EXERCISE » Work through the listing below and give again exactly the lines from the one with "Miniatura 2 de" to the one with "rust体恤衫什么意思（代表什么）", both ends included. All other lines and all pictures stay out.

RECORDS FOR PROCESSING »
**********

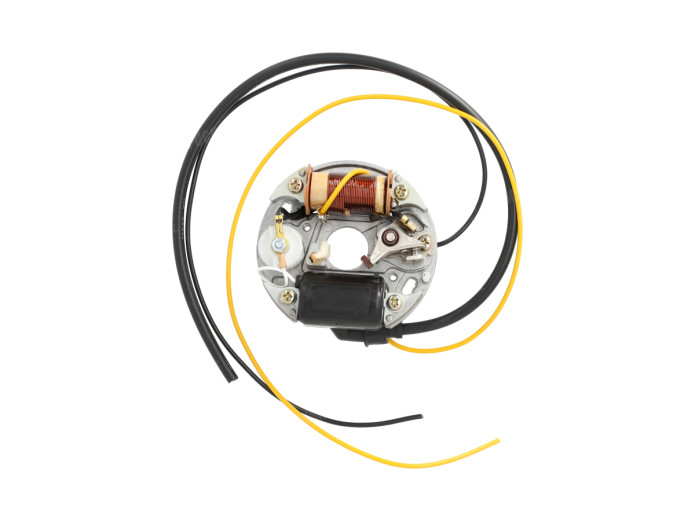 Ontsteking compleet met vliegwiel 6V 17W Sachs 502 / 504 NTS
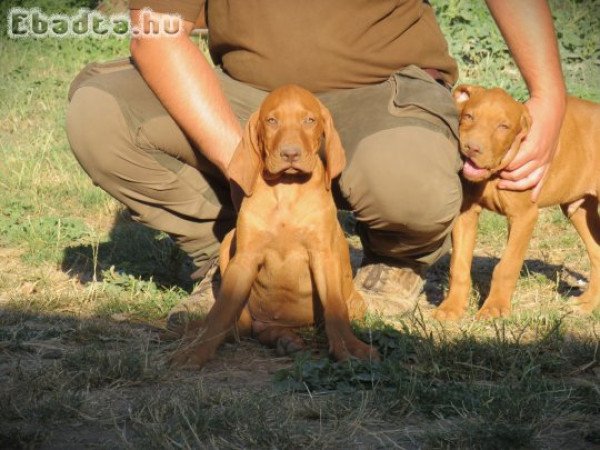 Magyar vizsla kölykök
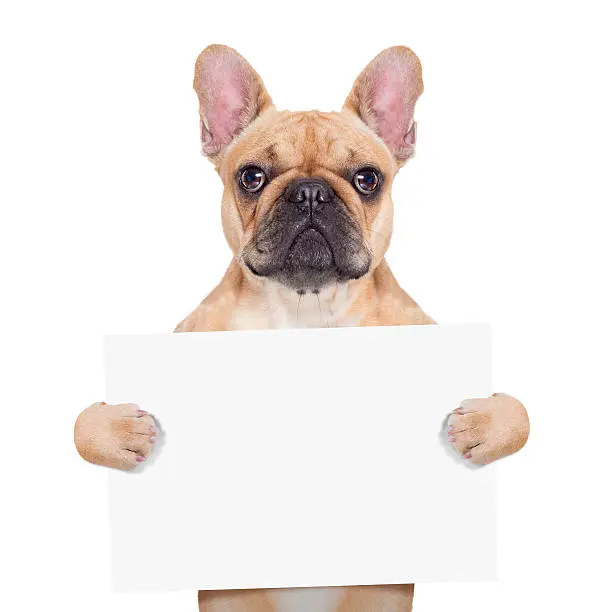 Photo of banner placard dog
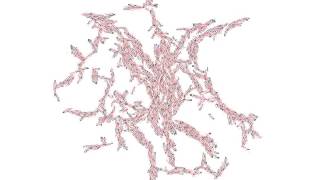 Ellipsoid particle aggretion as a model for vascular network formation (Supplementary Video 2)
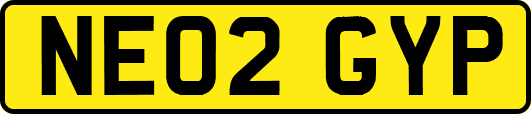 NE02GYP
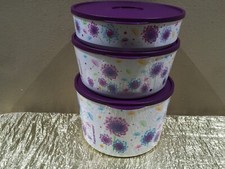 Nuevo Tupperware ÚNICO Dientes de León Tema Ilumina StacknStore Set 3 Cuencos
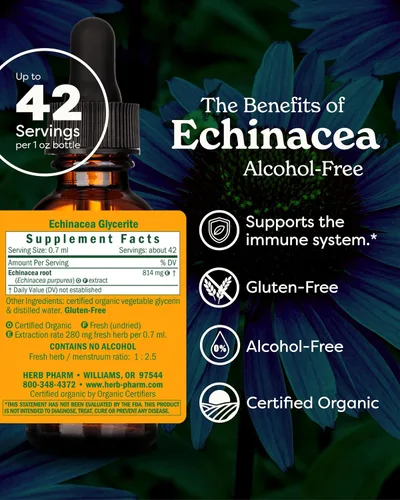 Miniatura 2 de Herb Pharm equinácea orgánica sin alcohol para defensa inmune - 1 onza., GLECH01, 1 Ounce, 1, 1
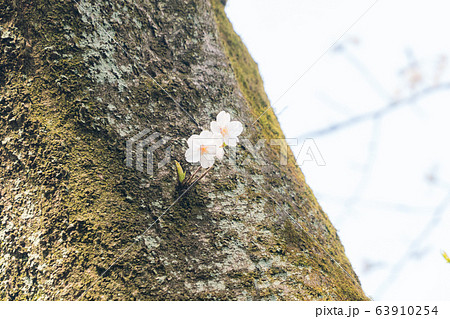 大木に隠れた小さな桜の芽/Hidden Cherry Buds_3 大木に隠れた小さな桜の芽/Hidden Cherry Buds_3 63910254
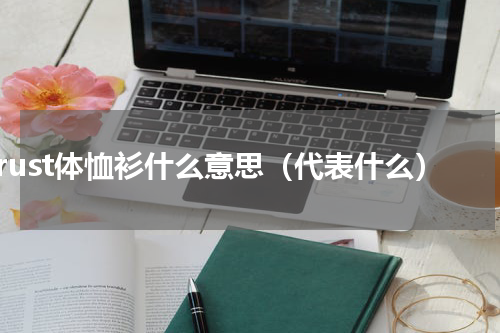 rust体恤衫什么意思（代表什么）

**********

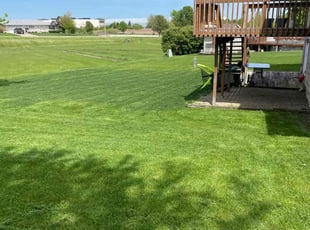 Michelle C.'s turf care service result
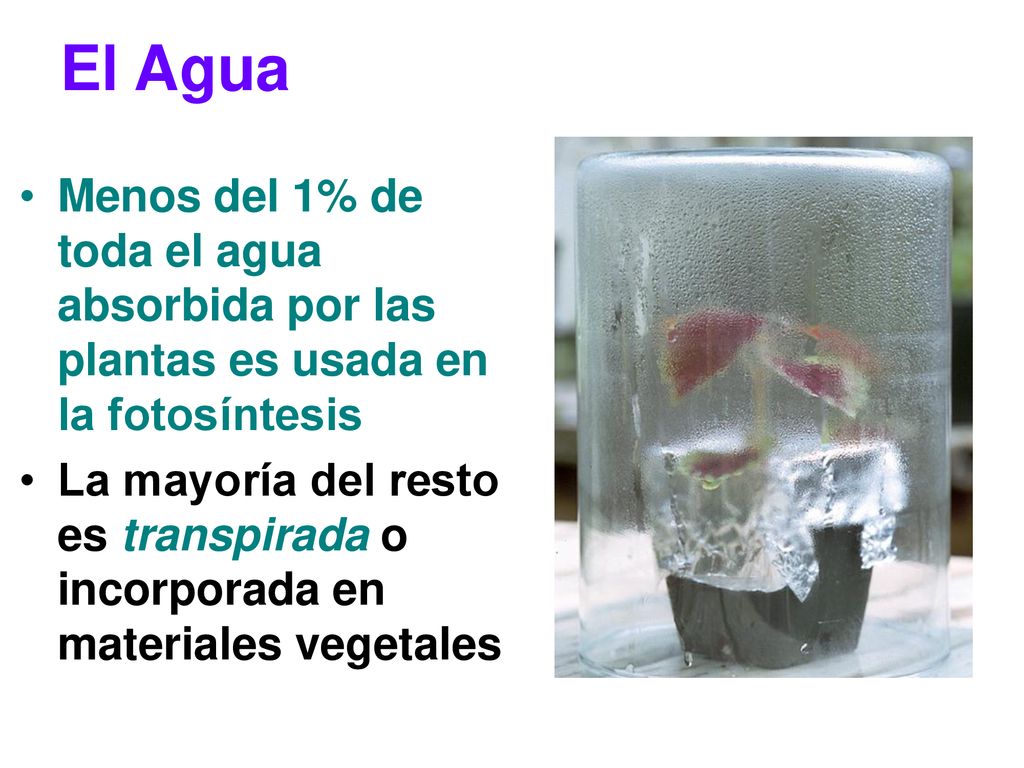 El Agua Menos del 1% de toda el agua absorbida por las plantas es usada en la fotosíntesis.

**********

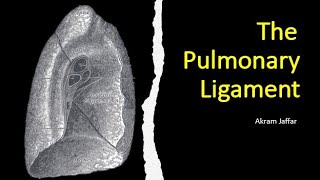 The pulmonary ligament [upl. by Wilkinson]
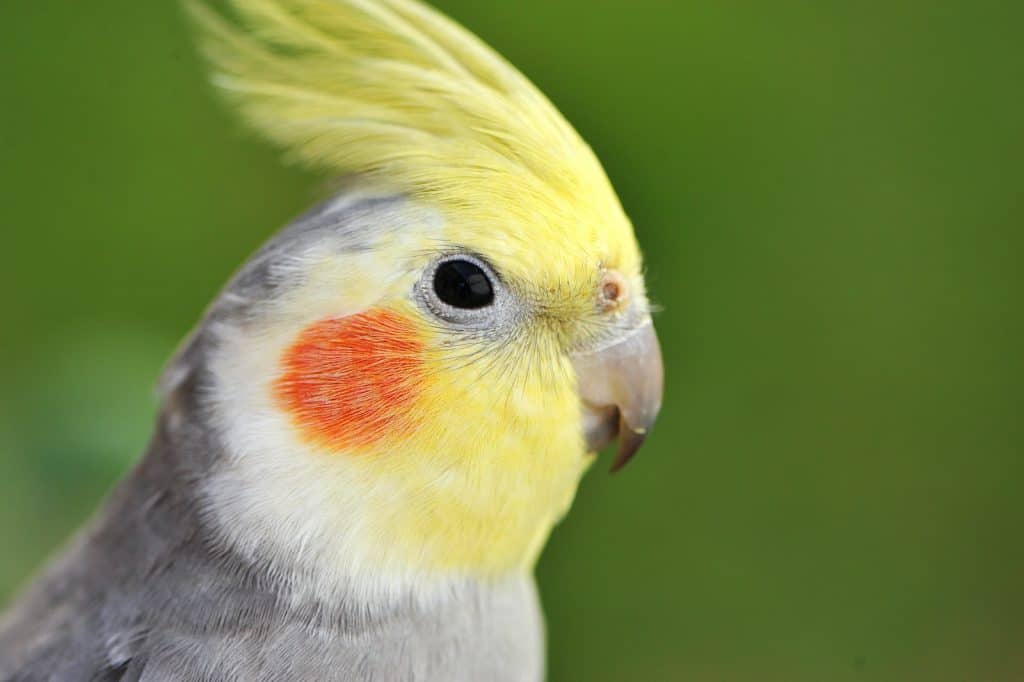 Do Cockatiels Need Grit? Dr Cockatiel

**********

OUTPUT »
 Miniatura 2 de Herb Pharm equinácea orgánica sin alcohol para defensa inmune - 1 onza., GLECH01, 1 Ounce, 1, 1
 大木に隠れた小さな桜の芽/Hidden Cherry Buds_3 大木に隠れた小さな桜の芽/Hidden Cherry Buds_3 63910254
 rust体恤衫什么意思（代表什么）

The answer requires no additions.